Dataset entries
.....

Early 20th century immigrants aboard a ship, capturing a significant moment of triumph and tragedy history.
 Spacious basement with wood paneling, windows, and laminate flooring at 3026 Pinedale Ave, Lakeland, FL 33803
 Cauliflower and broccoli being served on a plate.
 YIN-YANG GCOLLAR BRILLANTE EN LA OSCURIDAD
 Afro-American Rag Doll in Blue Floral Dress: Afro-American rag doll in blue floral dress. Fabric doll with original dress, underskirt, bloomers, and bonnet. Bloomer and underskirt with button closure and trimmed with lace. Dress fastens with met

.....

■ AIM OF THE TASK: Repeat every entry exactly. Nothing may be dropped.

■ RESULT FOR THIS TASK:
Early 20th century immigrants aboard a ship, capturing a significant moment of triumph and tragedy history.
 Spacious basement with wood paneling, windows, and laminate flooring at 3026 Pinedale Ave, Lakeland, FL 33803
 Cauliflower and broccoli being served on a plate.
 YIN-YANG GCOLLAR BRILLANTE EN LA OSCURIDAD
 Afro-American Rag Doll in Blue Floral Dress: Afro-American rag doll in blue floral dress. Fabric doll with original dress, underskirt, bloomers, and bonnet. Bloomer and underskirt with button closure and trimmed with lace. Dress fastens with met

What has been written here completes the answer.